But to varying degrees, we are all Lee B. Weathers. He was a human being, we are human beings and human beings have common appetites. We all crave measures of predictability. We all want to dictate the pace of change and to be loved and honored for what we’ve ceded in the name of change, however slight. Like Weathers, we don’t just want to know what’s going to happen: We want our firm, heavy foot on the brake pedal of change.

And like Weathers, we employ truisms to obscure our ignorance, our obstinacy, our delusions and our provincialism. And we repeat our truisms, until they become our mantras.

Joseph Goebbels, the Nazi minister of propaganda, asserted that if we repeat a lie enough times, it becomes the truth. Through weight of repetition, the mantras of our political parties, corporations and other organizations now appear true.

“We want the best person for the job,” and “We want to think outside of the box,” they say.

And we believe them. But such contentions curtain delusion.

Ronald Heifetz, of Harvard’s Kennedy school of government, argues that organizations are akin to organisms, and what all organisms want is constancy. For example, if the human body’s temperature rises a mere degree, it sweats and we shed clothing. If our temperature drops a mere degree, we shiver and we don additional clothing. Organizations behave in similar ways. They want the “same old, same old.”
America’s corporations, government and communities seek constancy. Via acclimation, we prefer “presidential” appearing candidates, which is code for patrician-appearing white men.

Yes, I know that there’s been progress.

One might assert: “No gender in the world has made as much progress as the American woman since she was set free to vote nearly 90 years ago.”

Since the 19th Amendment to the U.S. Constitution ceded women the right to vote 94 years ago, there has been progress. Women, the majority gender, today comprise 1.2 percent of the Fortune 500 CEO population. Seven of the 50 governors are female. There have been no female vice presidents and no female presidents. The numbers also are telling for black Americans, who comprise 0.6 percent of the Fortune 500 CEO population, with no black governors, vice presidents or presidents.

Yes, change is hard. It entails losses: the loss of the familiar and the loss of predictability.
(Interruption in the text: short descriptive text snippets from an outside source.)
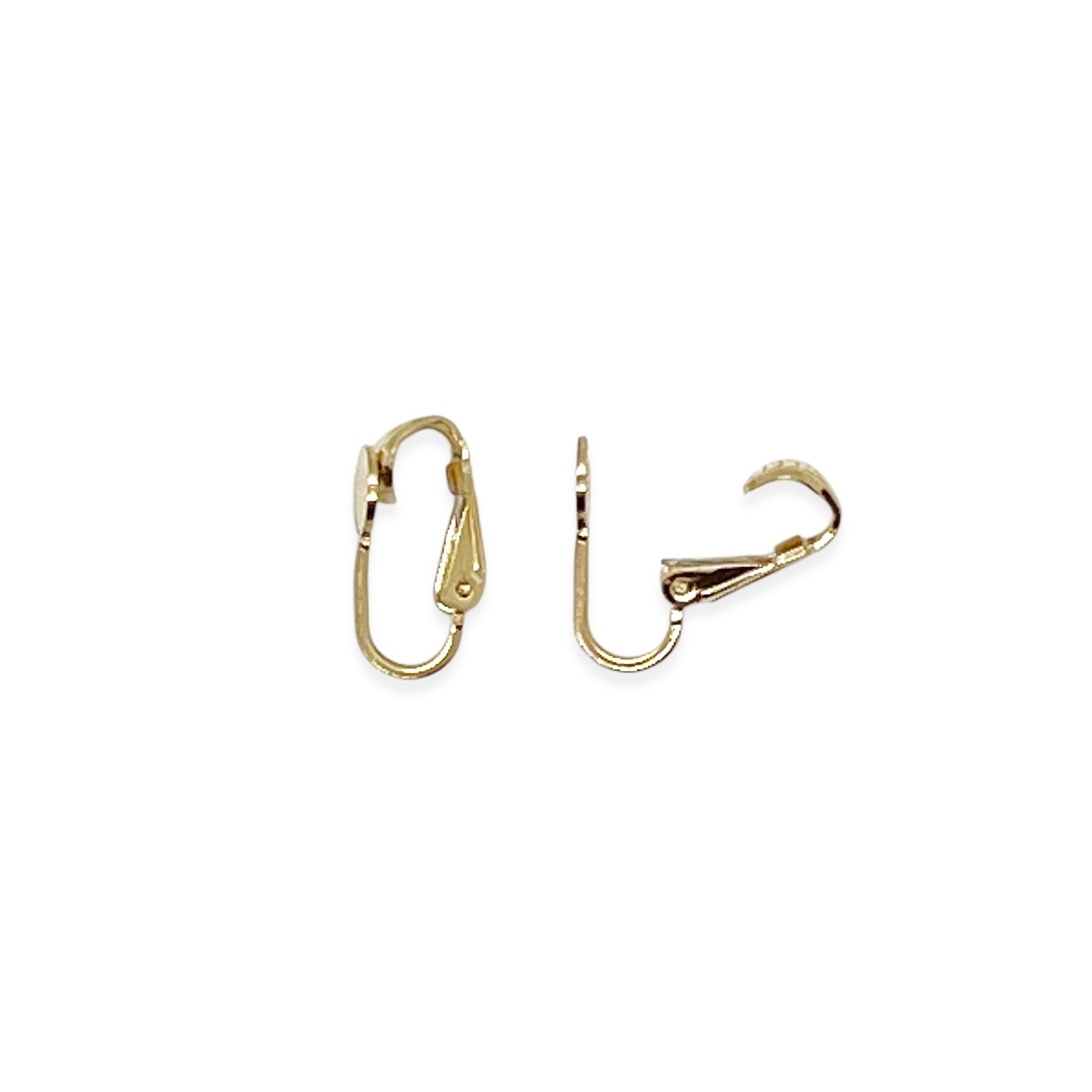 This Adaptive Add-On converts your Son of a Sailor earrings into easy-to-wear clip-ons. It's perfect for those without pierced ears, those with sensitive or stretched earlobes, or anyone who finds traditional earwires challenging. Available in sterling silver or 14k gold-filled, it offers a comfortable, accessible fit without sacrificing style.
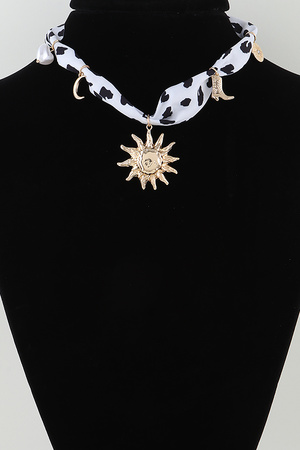 Rising West Fabric Charms Necklace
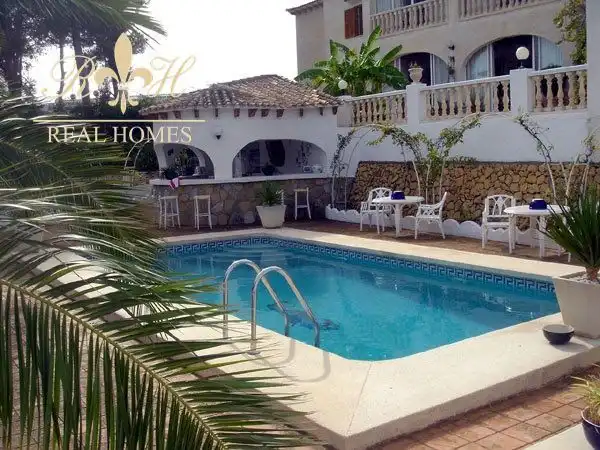 Swimming pool of Houses for sale in L'Alfàs del Pi  with Air Conditioner, Terrace and Swimming Pool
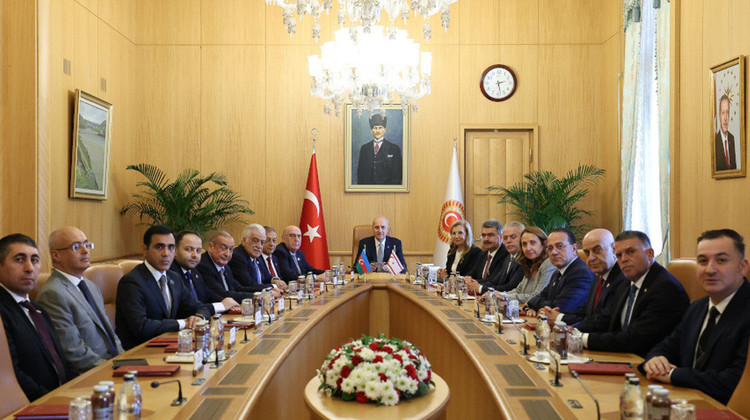 TBMM Başkanı Kurtulmuş, Türkiye, Azerbaycan ve KKTC’nin Parlamentolar Arası Dostluk Gruplarını Kabul Etti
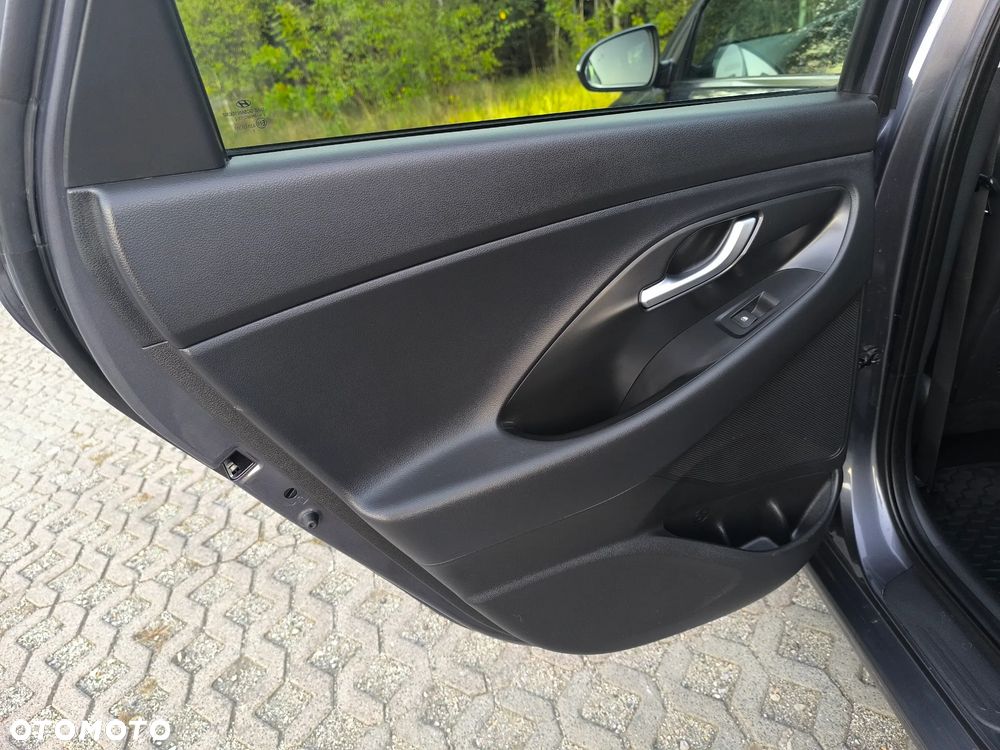 Hyundai i30 - 32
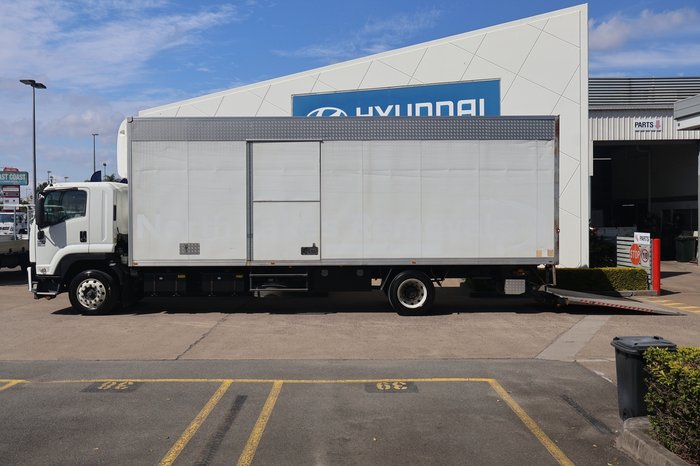2015 ISUZU FTR 900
It also entails the loss of privilege, but in the end, the refusal of the Republican and Democratic parties to offer candidates that aren’t white, rich and male is embarrassing.

American organizations might assert that they want to think outside of the box and acquire the best person for the job, but the years and the figures suggest otherwise.
I understand that the two primary parties have “contributed gladly to … (the) advancement (of women and folk with degrees of pigmentation beyond pink) and will continue to do so, if social reformers who know little about (the) problem will let (them) work it out in (their) own way.”

But I wince when I hear their mantras, like I would wince if Lee B. Weathers started pontificating in 1956 about the contributions of the Southern white man to the unprecedented progress of the Southern Negro.